Well, first of all, it's Da Gubbermint. You are doing your patriotic duty in letting it reverse-engineer and modify binaries for which there is no code.
Second, those EULAs, apparently, all belong to defunct companies whose programmers are likely retired today (if they are still alive), and whose IP has not been bought by some company still in activity today.
Third, even if that IP had been bought, there's a fair chance that the accounting department (or internal library) has no clue that they have the rights to that code. Also, there is a non-zero chance that, even if they know, they have no desire to tell anyone because they don't want to put a finger into the update process of a software for which they might have the source code (having the IP rights doesn't mean you have the code) but don't have anyone capable of modifying it.
Because if they show up and make a fuss about IP, then they run the very real risk of being liable for the changes.
I know I wouldn't want that.
-
Friday 18th August 2023 12:00 GMT b0llchit
They'd probably wont be liable for any changes due to convoluted successor-of-interest clauses in the contracts.
It probably is a great opportunity for the IP holder to overcharge the government for a small change with the exclusion of any assurances and liability because it is classified as legacy code.
-
-
-
Friday 18th August 2023 11:36 GMT Andy Non
How did they allow themselves to get into this position anyway?
As part of the contract it should have been mandatory for the source code to have been handed over, or at the very least held in escrow in case the developers moved on, died etc. I've developed many business critical applications over the years and the more savvy companies insisted on either having the source code or the source to be held in escrow with agreed circumstances and procedures for making it available to the company.
-
Friday 18th August 2023 11:55 GMT short
Re: How did they allow themselves to get into this position anyway?
Maybe it's not really their code they want to fiddle with. Maybe it's some code running in some gear they've compromised that they'd like to run with some convenient new features, then reinsert without drawing a lot of attention?
Clearly, 'maybe' is doing some heavy lifting there. But who wouldn't want to patch others' militaries' code if the opportunity arose?
I can easily believe they've lost the source (or toolchains) for an awful lot of stuff, too.
-
Tuesday 22nd August 2023 12:08 GMT Alan Brown
Re: How did they allow themselves to get into this position anyway?
"I can easily believe they've lost the source (or toolchains) for an awful lot of stuff, too."

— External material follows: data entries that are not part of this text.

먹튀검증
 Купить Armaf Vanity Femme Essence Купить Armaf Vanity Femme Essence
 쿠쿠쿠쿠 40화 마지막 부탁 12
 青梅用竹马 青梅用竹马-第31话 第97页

I've worked on a number of science cases where the source or toolchain may be available, but is so expensive that RE is preferable in order to work out what it's doing and reimplement it (This is why a lot of places don't like using proprietary software. Opensource means that you can (eventually) rerun tests 30 years later, etc)
I was onboard with the idea of REing old software so it can be updated/replaced but the idea of "patching binaries" will fail anything which is cyptographically signed and is unnecessary if you own the equipment it's running on
This clearly has applications in government-sponsored malware (if it hasn't already happened elsewhere) but I can see a burgeoning use case of much older proprietary software being pulled apart by those wanting to reimplement it (and others wanting to snark the likes of Adobe, etc)
-
-
Friday 18th August 2023 12:00 GMT Pascal Monett
Re: How did they allow themselves to get into this position anyway?
That is the marvel of the software industry.
You need to realize that source code used to be treated like gold. You had the rights to the final product, but if you wanted the source code, you paid extra (and I mean HEAVY extra).
And that's not too long ago either. About ten years ago I was working for a European Institution that had a business-critical Notes application for which it had paid a ungodly amount of money to have the rights to the source code (and that was accompanied by an iron-clad contract in which, if ever said source code was published anywhere, a number of first-borns would have to be sacrificed on a night of a new moon).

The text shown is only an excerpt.